The inclusion of liquefied natural gas in the “ruble for natural gas” scheme, which was imposed by Putin’s decree in March, has been proposed by the Russian energy giant Gazprom, according to a senior executive of the company cited by the Interfax news agency.
The proposal by Kirill Polous, deputy head of Gazprom’s LNG division, comes after Moscow moved to freeze and appoint a new operator at the Sakhalin-2 LNG plant in retaliation for Western sanctions on Russia, as reported by Reuters .
The Sakhalin-2 commitment came under a decree of Russian President Vladimir Putin, which provides for the creation of a new company that will take over all the rights and obligations of Sakhalin Energy Investment Co, in which Shell and Japanese trading companies had stakes. Mitsui and Mitsubishi, which together held just under 50%.
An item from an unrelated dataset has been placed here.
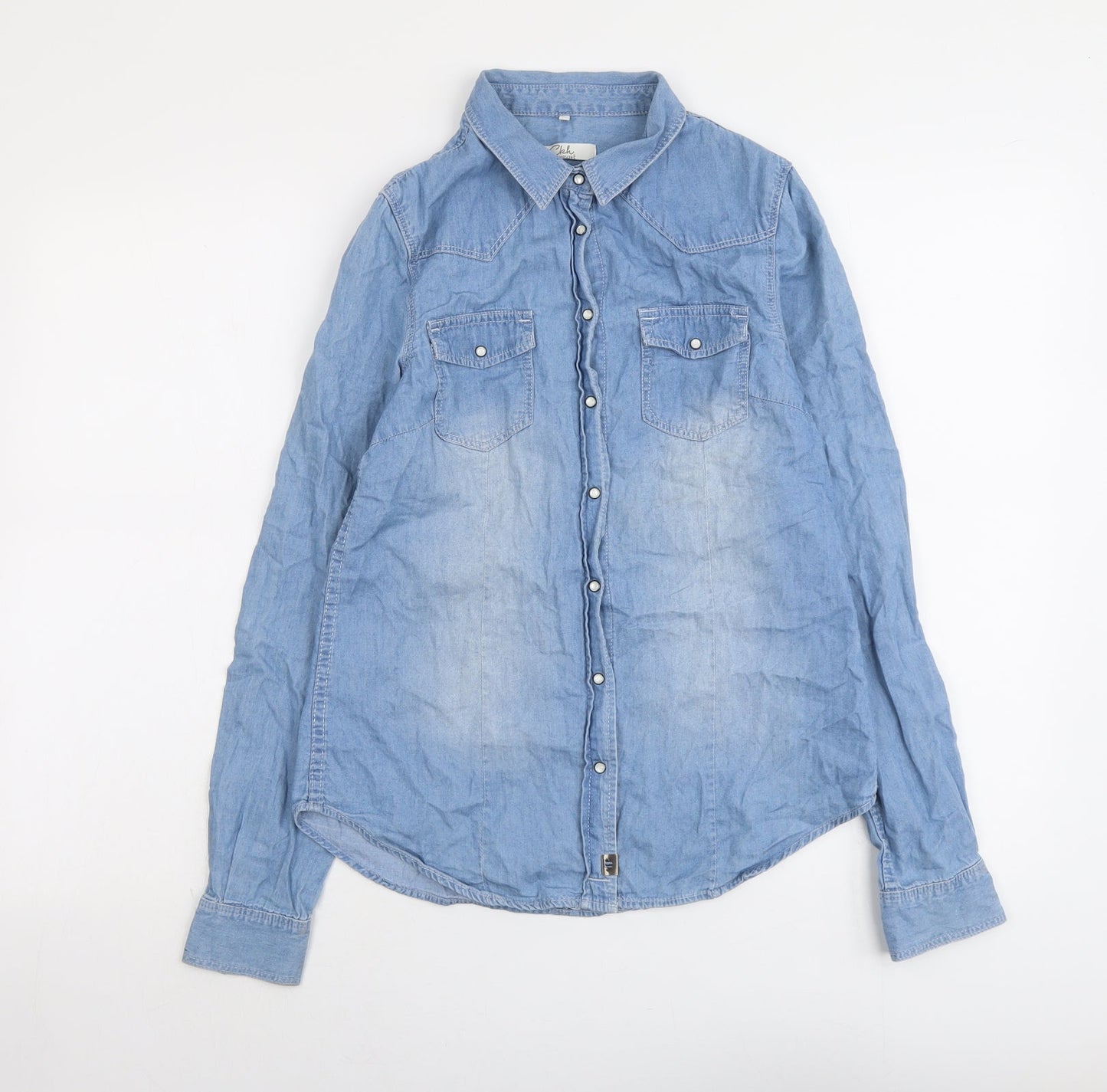 Womens UK Size 6 Clockhouse Blue Basic Button-Up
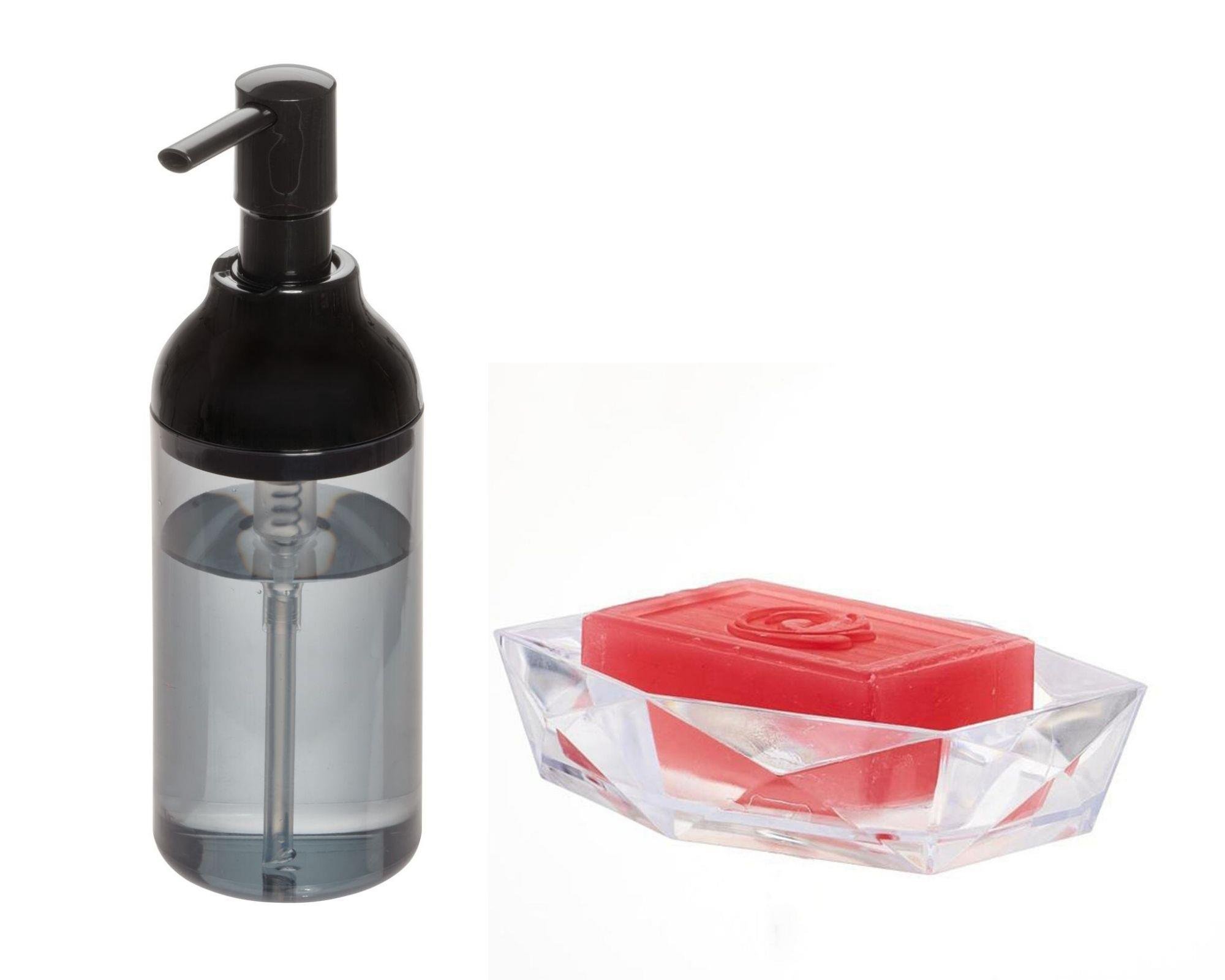 Füme Siyah Akrilik Sıvı Sabunluk Ve Sabunluk 2 Li Banyo Seti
It is noted that Russia accounts for about 8% of the world’s LNG supply, providing 40 billion cubic meters of liquefied natural gas per year mainly from Sakhalin-2 and Novatek’s Yamal LNG, Russia’s largest LNG plant.
It is recalled that the “ruble for natural gas” scheme came into effect in March, following a decree by Putin, according to which Russia requires countries it characterizes as “unfriendly” to pay for the supply of natural gas in Russian currency.
Some of Gazprom’s biggest customers in Europe refused to bow to Putin’s demand, prompting the Russian energy giant to cut off their gas supplies.
“It’s a matter of coordinating natural gas exports through pipelines and LNG,” Poles said, adding that there has been a competition at the level of exchange rates between natural gas delivered through pipelines and sold in rubles and LNG taxed in dollars.
Unlike natural gas exported via pipelines to Europe, however, most Russian LNG is headed to Asia. Among the European countries, Spain is the one that stands out in terms of Russian LNG purchases.